Here are key facts about Odinga:
* Born into one of Kenya's political dynasties on January 2, 1945, in Maseno, west Kenya, the 62-year-old Odinga comes from the Luo tribe, one of the country's largest.
* Father Jaramogi Oginga Odinga, a nationalist hero and Kenya's first vice president after 1963 independence from Britain, became a key opposition figure against the governments of founding President Jomo Kenyatta and his successor President Daniel arap Moi.
* Odinga is viewed as a firebrand by many Kenyans, an impression consolidated by remarks in a biography indicating he was a plotter in an attempted coup in 1982. Now he tries to show a more moderate, business-friendly face.
* Educated in communist former East Germany, Odinga named his first-born son Fidel Castro.
* Representing Nairobi's Kibera slum, one of Africa's largest, Odinga projects himself as a champion of the poor. But he has a large business empire and is a member of Kenya's wealthy elite.
* Some attribute Odinga's toughness to the 9 years he spent in jail under Moi for protesting one-party rule. He served six years in solitary confinement. He was charged with treason over the coup bid, before fleeing to Norway for a brief exile.

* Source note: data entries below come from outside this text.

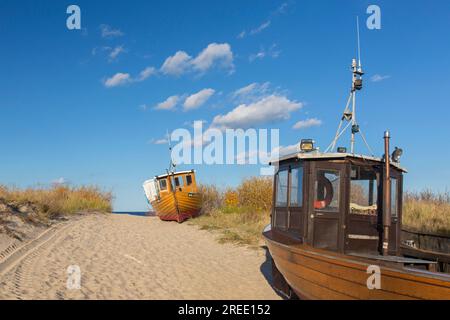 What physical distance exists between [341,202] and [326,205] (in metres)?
0.25

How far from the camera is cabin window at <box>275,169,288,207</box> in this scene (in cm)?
775

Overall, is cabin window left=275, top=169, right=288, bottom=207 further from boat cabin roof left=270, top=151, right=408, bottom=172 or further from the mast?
the mast

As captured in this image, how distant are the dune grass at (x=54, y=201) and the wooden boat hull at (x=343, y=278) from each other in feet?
35.5

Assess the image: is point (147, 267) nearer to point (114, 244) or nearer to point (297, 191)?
point (114, 244)

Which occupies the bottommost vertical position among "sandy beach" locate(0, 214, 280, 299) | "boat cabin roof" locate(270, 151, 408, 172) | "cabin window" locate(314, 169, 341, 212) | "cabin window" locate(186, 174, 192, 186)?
"sandy beach" locate(0, 214, 280, 299)

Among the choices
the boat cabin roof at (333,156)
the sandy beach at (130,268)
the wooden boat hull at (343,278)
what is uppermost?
the boat cabin roof at (333,156)

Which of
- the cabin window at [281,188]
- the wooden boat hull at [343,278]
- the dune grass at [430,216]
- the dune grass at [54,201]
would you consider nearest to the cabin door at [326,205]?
the wooden boat hull at [343,278]

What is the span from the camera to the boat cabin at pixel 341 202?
22.0 ft

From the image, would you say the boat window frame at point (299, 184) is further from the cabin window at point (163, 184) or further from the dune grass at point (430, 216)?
→ the cabin window at point (163, 184)

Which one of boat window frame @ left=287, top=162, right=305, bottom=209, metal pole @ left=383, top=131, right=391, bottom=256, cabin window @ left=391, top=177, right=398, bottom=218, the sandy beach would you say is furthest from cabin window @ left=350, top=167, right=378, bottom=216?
the sandy beach

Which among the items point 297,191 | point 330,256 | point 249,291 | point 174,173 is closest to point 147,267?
point 249,291
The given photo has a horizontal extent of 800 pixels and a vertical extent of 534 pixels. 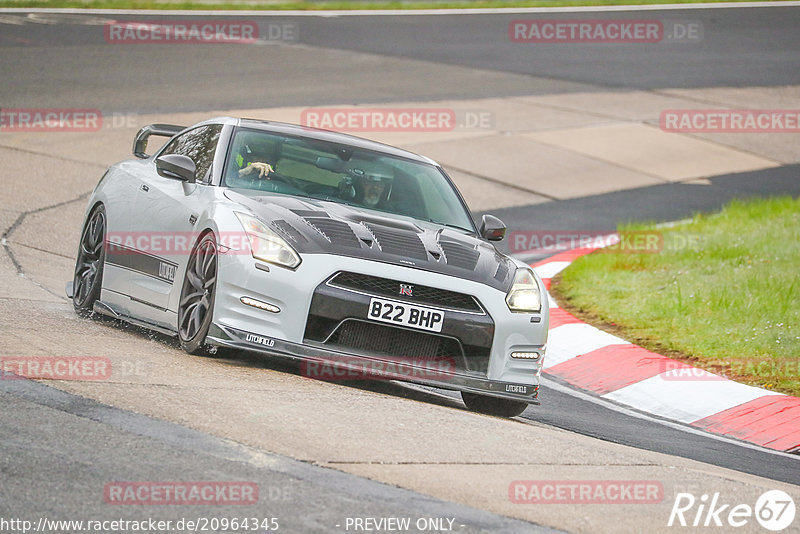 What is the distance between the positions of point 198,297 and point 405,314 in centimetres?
118

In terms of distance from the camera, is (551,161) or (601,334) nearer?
(601,334)

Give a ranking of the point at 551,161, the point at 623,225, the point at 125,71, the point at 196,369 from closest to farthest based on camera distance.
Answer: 1. the point at 196,369
2. the point at 623,225
3. the point at 551,161
4. the point at 125,71

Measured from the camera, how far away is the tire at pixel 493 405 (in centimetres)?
703

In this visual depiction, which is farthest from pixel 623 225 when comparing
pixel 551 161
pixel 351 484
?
pixel 351 484

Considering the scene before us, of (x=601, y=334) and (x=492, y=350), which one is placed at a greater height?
(x=492, y=350)

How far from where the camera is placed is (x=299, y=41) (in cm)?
2495

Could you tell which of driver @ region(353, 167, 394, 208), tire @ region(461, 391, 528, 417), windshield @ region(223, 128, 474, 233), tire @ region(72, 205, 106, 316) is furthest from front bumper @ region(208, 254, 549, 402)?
tire @ region(72, 205, 106, 316)

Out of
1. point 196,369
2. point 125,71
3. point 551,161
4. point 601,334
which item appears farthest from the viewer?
point 125,71

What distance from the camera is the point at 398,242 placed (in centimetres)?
671

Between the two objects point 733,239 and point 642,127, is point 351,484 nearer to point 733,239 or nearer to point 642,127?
point 733,239

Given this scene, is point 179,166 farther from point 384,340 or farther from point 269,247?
point 384,340

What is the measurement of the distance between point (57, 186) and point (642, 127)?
1050 cm

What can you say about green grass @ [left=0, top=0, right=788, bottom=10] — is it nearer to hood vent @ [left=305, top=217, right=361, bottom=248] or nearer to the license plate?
hood vent @ [left=305, top=217, right=361, bottom=248]

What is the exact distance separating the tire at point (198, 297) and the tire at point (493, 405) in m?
1.51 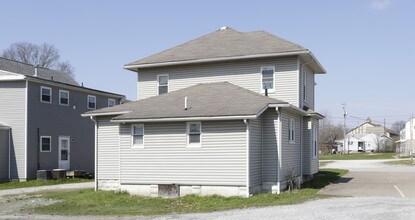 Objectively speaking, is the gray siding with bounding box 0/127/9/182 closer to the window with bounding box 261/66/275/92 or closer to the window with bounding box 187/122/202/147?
the window with bounding box 187/122/202/147

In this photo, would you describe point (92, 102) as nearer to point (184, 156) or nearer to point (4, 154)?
point (4, 154)

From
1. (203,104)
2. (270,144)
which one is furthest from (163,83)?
(270,144)

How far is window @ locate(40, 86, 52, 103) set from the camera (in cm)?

* A former ally of Kibaki, he helped him win power in 2002 and served for three years in his cabinet before being sacked for campaigning against him in a 2005 constitutional referendum.
* The Odinga family home displays part of his book collection -- from Margaret Thatcher's memoirs to biographies of Stalin -- as well as two stuffed lions he is said to have picked up in Tanzania and South Africa.